Unutmanin en kolay yoluysa o hiç olmamış gibi hayatına devam edebilmektir .Zordur ama en azından denemek gerekir .
Onu iki yıl sonra ilk görüşüm bu. Karaköy'de,
Nişantaşı dolmuş kuyruğunun sonlarındayım. O da
hemen karşıdaki Şişli kuyruğunun önlerinde.
Bilmiyorum, fark etti mi beni. Yine güzel. Saç
biçimi ve rengi aynı. Biraz zayıflamış. Az sonra
dolmuşuna bindi gitti. Öyle anlar vardır ki bir merhaba, ufak bir selam her
şeyi yeniden başlatabilir ya da durumu daha da
sıradan bir düzeye indirebilir. O beni gördü mü,
gördüyse ne düşündü bilemem. Ben ikisinden de
korktum. Sonra benim uçağım kalktı... Atmosferin ortasında
düşündüm: Her şey nasıl bitiyor? Nasıl
yabancılaşıyor insanlar? Hiçbir şey olmamış gibi.
Birlikte yemek yer miydik? Nerelere giderdik?
Şakalarımız nasıl şakalardı? Kavgalarımız? Sesi,
nasıldı sesi? Unutmak değil, başka bir şey bu. Şu anda her şey iyi.
Bazen herşeyi unutmak gerekir ya yeniden başlamak için ya da yaptığı hataları yaptığımız hataları kötülükleri iyilikleri yanlışları affedilmez durumları unutup yarın bir gün karşı karşıya geldiğinde sadece ismini bilmek gerekir. Unutmak aslında bir kaçış değil bir kurtuluştur. Güvenemediğiniz insanları unutun sevemediğiniz insanları unutun. Sizi sizden çok seven insanları unutun yanınızda değilse şuan o kişi o zaten bir bahanedir.
unutma eylemine girmemiş kişi için imkansız gibi görünen ve o güzelliği unutmanın tabiat kanunlarına aykırı olduğunu düşünüp bu emeli uygulayamayan aşık insan psikolojisidir. Lâkin dostum ümitsizliğe düşme, elbet unutacaksın çünkü 2-3 sene olur yine de unutursun bak o yüzden ömrünün tatlı yıllarını öldürmenin anlamı yok.

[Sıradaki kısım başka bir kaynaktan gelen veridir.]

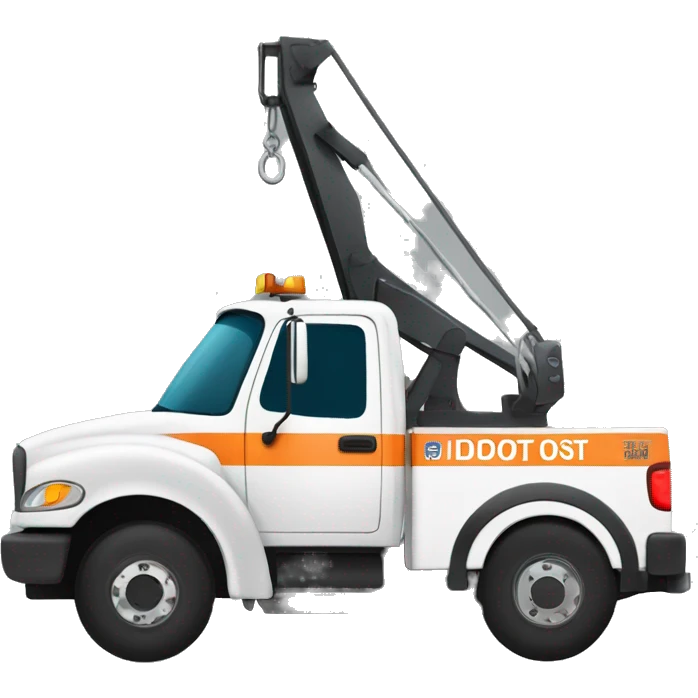 Tow truck with the name of "IDOT" emoji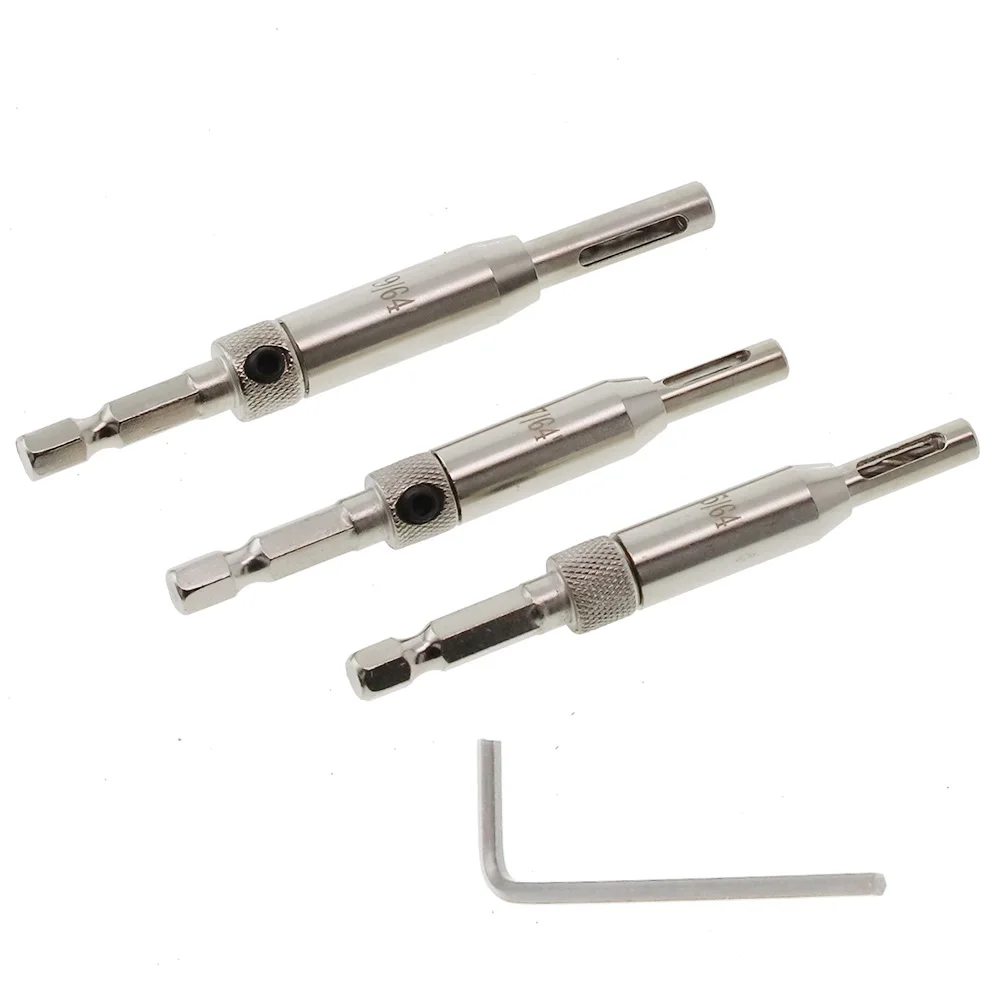 3Pcs Self Centering Hinge Drill Bits Set Door Cabinet Pilot Holes HSS Hex Groove For Installation Of Door Hinges Hand Tools 3pcs self centering hinge drill bits set door cabinet pilot holes hss hex groove high speed steel silver tool accessories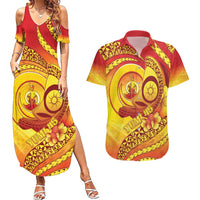 Vanuatu 46 Yia Indipendens Anivesari Couples Matching Summer Maxi Dress and Hawaiian Shirt Tamtam Drum With Boar Tusk LT05 Yellow - Polynesian Pride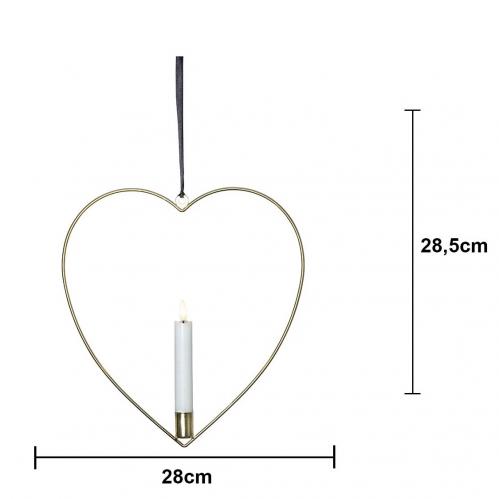 Hngande ljusring - Hjrta - Mssing - Batteriljus flammande lga - 28 cm - www.frokenfraken.se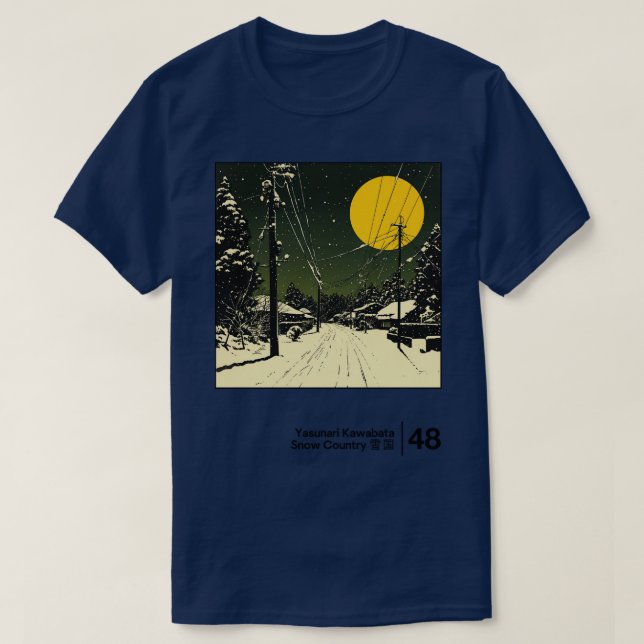Yasunari Kawabata Minimal Style Graphic Artwork T-Shirt (Design vorne)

denizde ekipmansiz dalarsiniz ya, derinlere inersiniz ve bazen nefesinizin bittigini hissetsenizde kendinizi zorladiktan sonra cikarsiniz su uzerine ve derin bi nefes alirsiniz, o nefesle beraber gunes kamastirir gozlerinizi, iste o aldiginiz ilk nefestir unutmak.